__WORK INSTRUCTION__: Once the pictures are set aside, transcribe the remaining data exactly.

___ PROVIDED MATERIAL

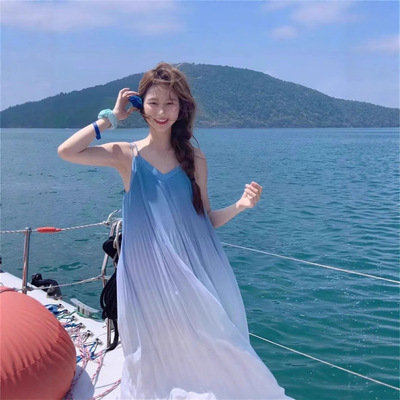 2025夏季款女装法式海边度假渐变吊带连衣裙长款无袖海浪一家三口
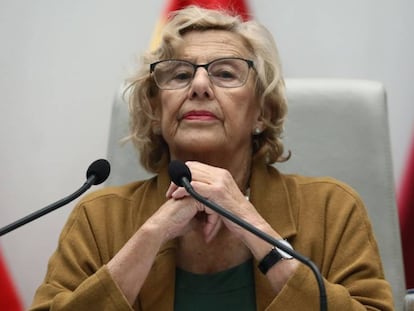 La alcaldesa, Manuela Carmena, en el pleno del Ayuntamiento de Madrid. En vídeo, el Ayuntamiento de Madrid limita los pisos turísticos.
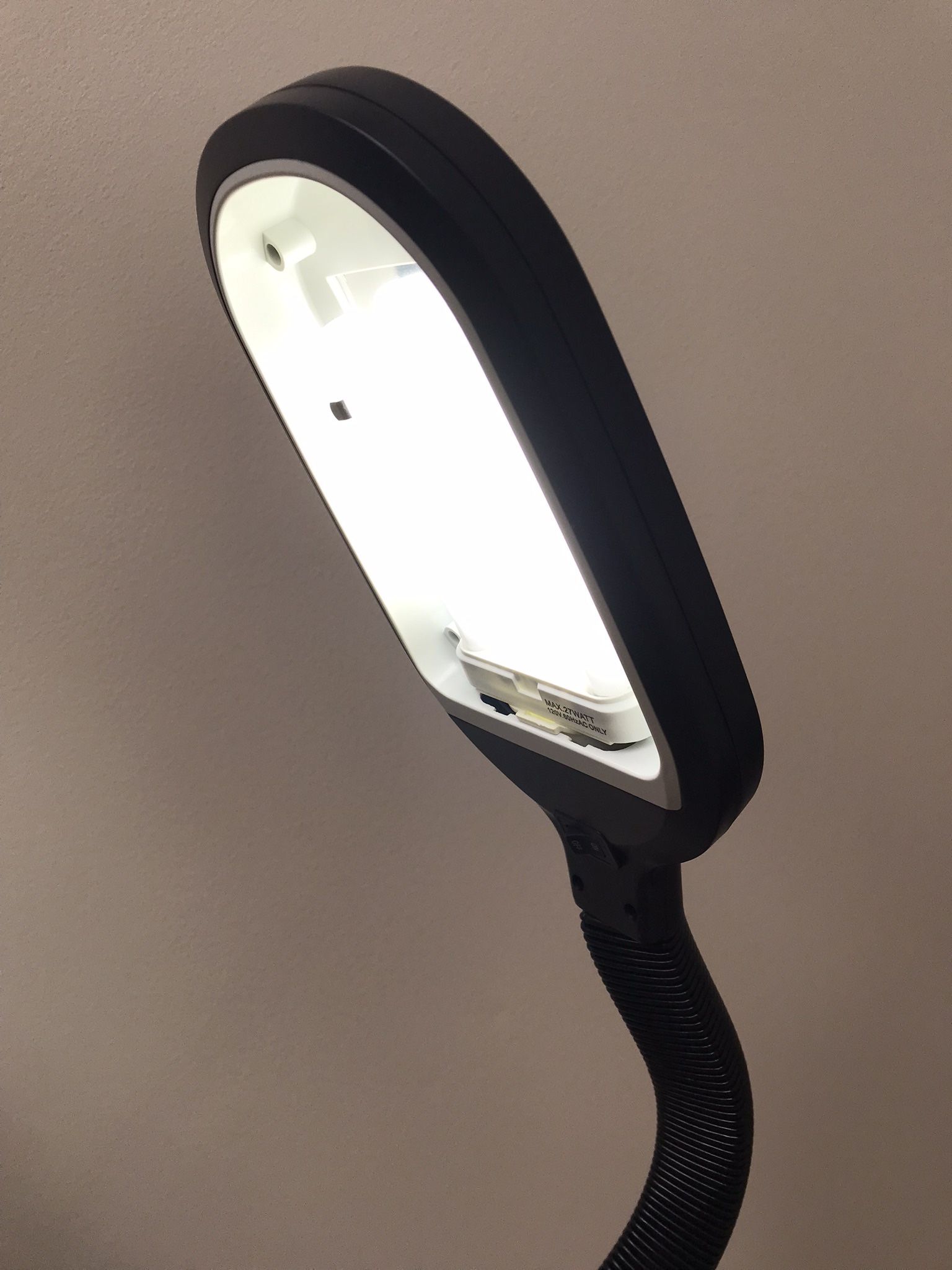 FLUORESCENT DAYLIGHT FLOOR LAMP - photo 2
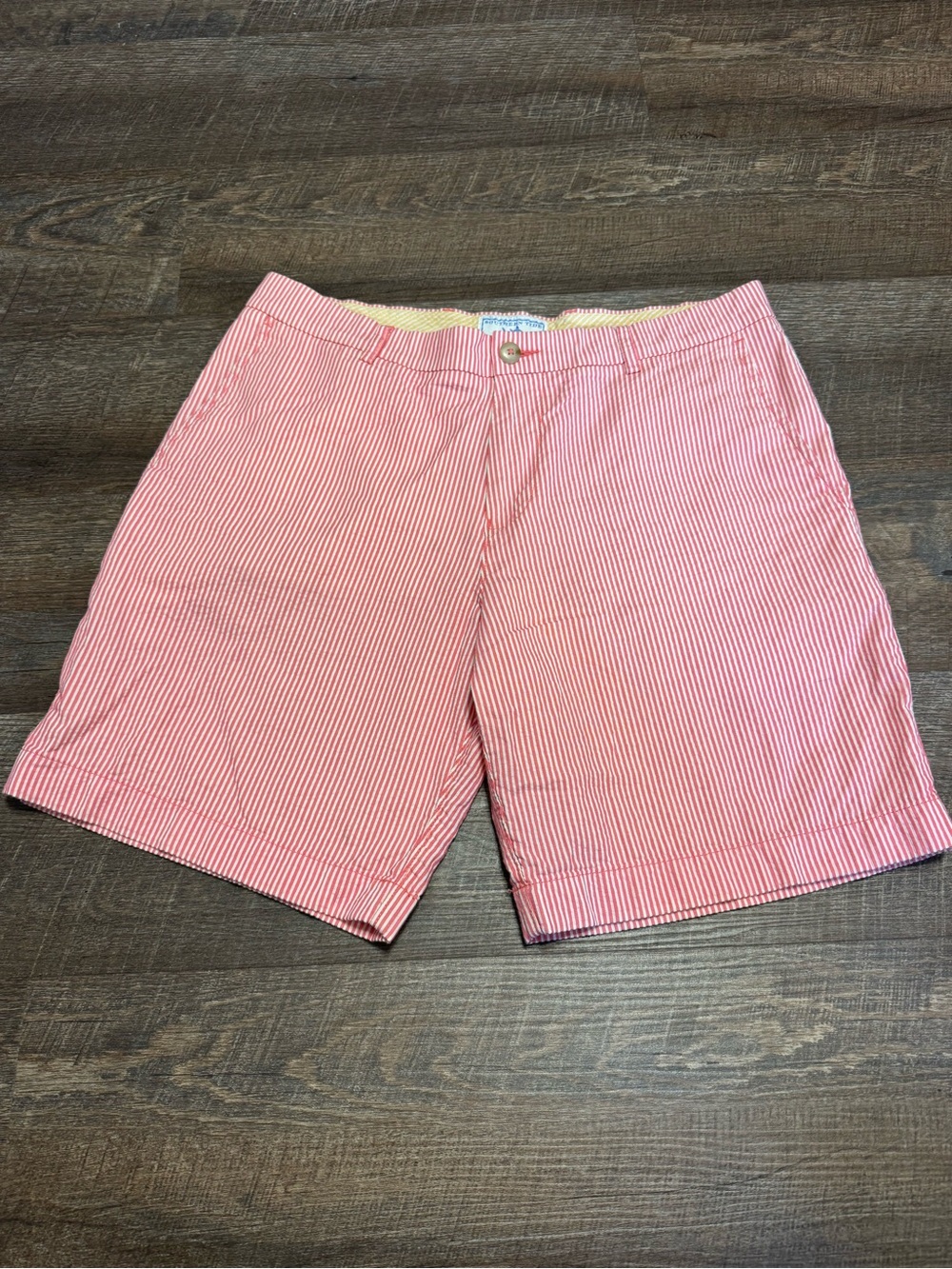 Red/Pink & White Southern Tide Skipjack Seersucker Shorts Mens Sz 35 See Photos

______

__YOUR RESPONSE__:
 2025夏季款女装法式海边度假渐变吊带连衣裙长款无袖海浪一家三口
 La alcaldesa, Manuela Carmena, en el pleno del Ayuntamiento de Madrid. En vídeo, el Ayuntamiento de Madrid limita los pisos turísticos.
 FLUORESCENT DAYLIGHT FLOOR LAMP - photo 2
 Red/Pink & White Southern Tide Skipjack Seersucker Shorts Mens Sz 35 See Photos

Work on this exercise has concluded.